According to another version of his vida, he became a strong opponent of Catharism—a sect suppressed by the Catholic Church as heretical—and supported the Albigensian Crusade against them. He is said to have accompanied Guillem des Baux, Folquet de Marselha, and the Abbot of Cîteaux to Rome to oppose Raymond VI of Toulouse after the latter's excommunication in 1208. The author of the vida blames Perdigon for "[bringing] about and [arranging] all these deeds." The biographer further claims that Perdigon sang to the populace to encourage the Crusade and even boasted of humiliating Peter II of Aragon who opposed the Crusades and died at the Battle of Muret fighting against the Crusaders.
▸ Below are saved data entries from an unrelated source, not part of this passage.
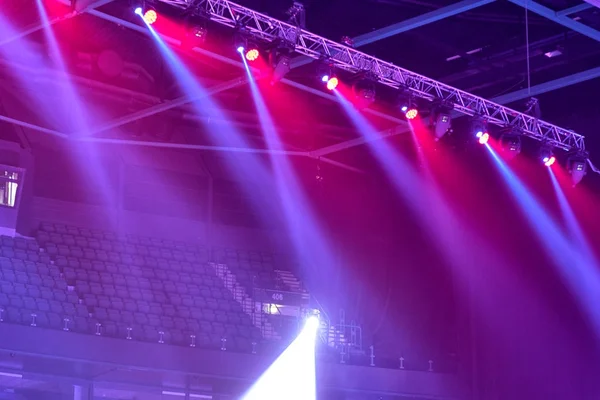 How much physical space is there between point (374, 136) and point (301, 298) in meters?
3.14

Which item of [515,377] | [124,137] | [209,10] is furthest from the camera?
[124,137]

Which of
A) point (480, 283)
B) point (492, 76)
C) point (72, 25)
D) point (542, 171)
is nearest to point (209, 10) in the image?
point (72, 25)

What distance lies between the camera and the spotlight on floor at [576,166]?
979 centimetres

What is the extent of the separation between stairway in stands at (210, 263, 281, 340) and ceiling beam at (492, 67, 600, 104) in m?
4.08

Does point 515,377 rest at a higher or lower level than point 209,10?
lower

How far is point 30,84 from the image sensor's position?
12258mm

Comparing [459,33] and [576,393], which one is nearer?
[459,33]

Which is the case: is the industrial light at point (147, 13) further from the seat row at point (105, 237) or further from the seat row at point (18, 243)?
the seat row at point (105, 237)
For this reason he became despised by those in favor of Catharism, and due to the war lost all his friends who fought in it: Simon de Montfort, Guillem des Baux, (Note: This personage was the Prince of Orange, but it was probably a similarly named Uc des Baux with whom Perdigon was acquainted (Egan, p. 84).) and many others. In the end, the son of Dalfi d'Alvernha, abandoned him, confiscated his land, and sent him away. The biographer claims that he went to Lambert de Monteil and begged to be entered into the Cistercian monastery of "Silvabela", but the author incorrectly believes Lambert to be the son-in-law of Guillem des Baux, and the monastery Silvabela ("beautiful forest") never existed. His vidas are questionable.

Among Perdigon's surviving songs is a torneyamen with Raimbaut de Vaqueiras and Ademar de Peiteus. Unusually for the period, Perdigon, along with Aimeric de Peguilhan, through-composed his melodies.